恋の餌食 俺様社長に捕獲されました
もちろん、両親の反対がなかったわけではない。退学を無効にするよう大学に働きかけたり、一樹の説得に懸命にあたったりした両親だったが、結局その決意を変えられなかった。
これまで親の期待通りに生きてきた一樹の初めての反乱は、〝勝ち〟を収め、めでたく好きな道を突き進むことに成功したのだ。
このとばっちりを受けたのは、同じく医師を志していた、ひとつ年下の弟・修矢(しゅうや)だった。
いつも一樹の影に隠れるようにしていた修矢は、いきなり次期院長の期待を背負うことになってしまった。一樹のように前へ前へと出るタイプではない修矢には、相当な負担になるだろう。
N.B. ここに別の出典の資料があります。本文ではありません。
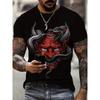 Horror Death Satan Pattern T shirts For Men/Women 3D Print Street Trend T-shirts Summer Oversized Man Clothing Short Sleeve Tops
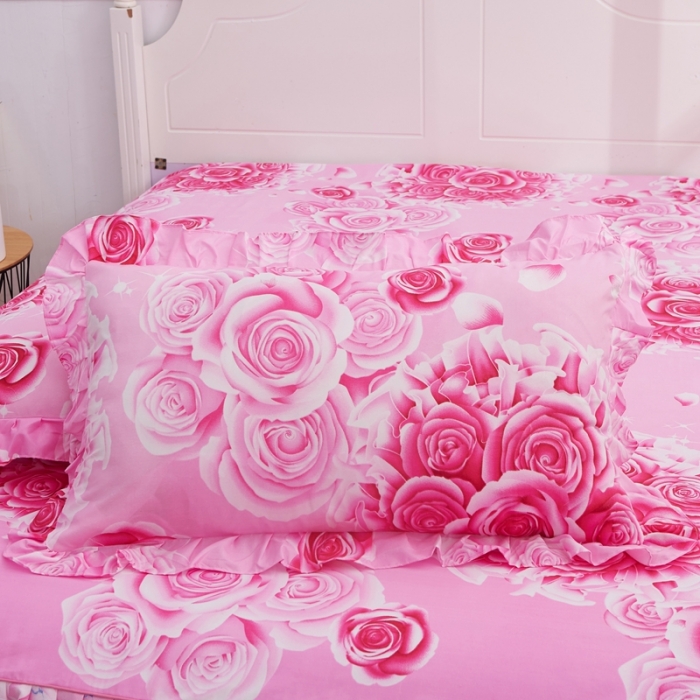 91家纺网 家纺一手货源 找家纺 艾裙海床笠 2025新款韩版蕾丝床裙四件套玫瑰情缘-红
そう心配していた一樹だったが、修矢はそんな期待に押しつぶされず、みごとに応えている。現在は、久城総合病院の小児外科医として、その腕を日本中に知らしめているのだから。
「社長、今日はやけにご機嫌ではないですか?」
友里恵に一樹がそう聞かれたのは、梓とスイートルームで朝まで過ごした日の朝のことだった。
毎朝のように寸分たがわずにスケジュールの確認に入った友里恵は、途中で手帳から顔を上げ、一樹をまじめな顔でまじまじと見る。
今日もいつも同様に、まるでスタンプでも押したような身だしなみである。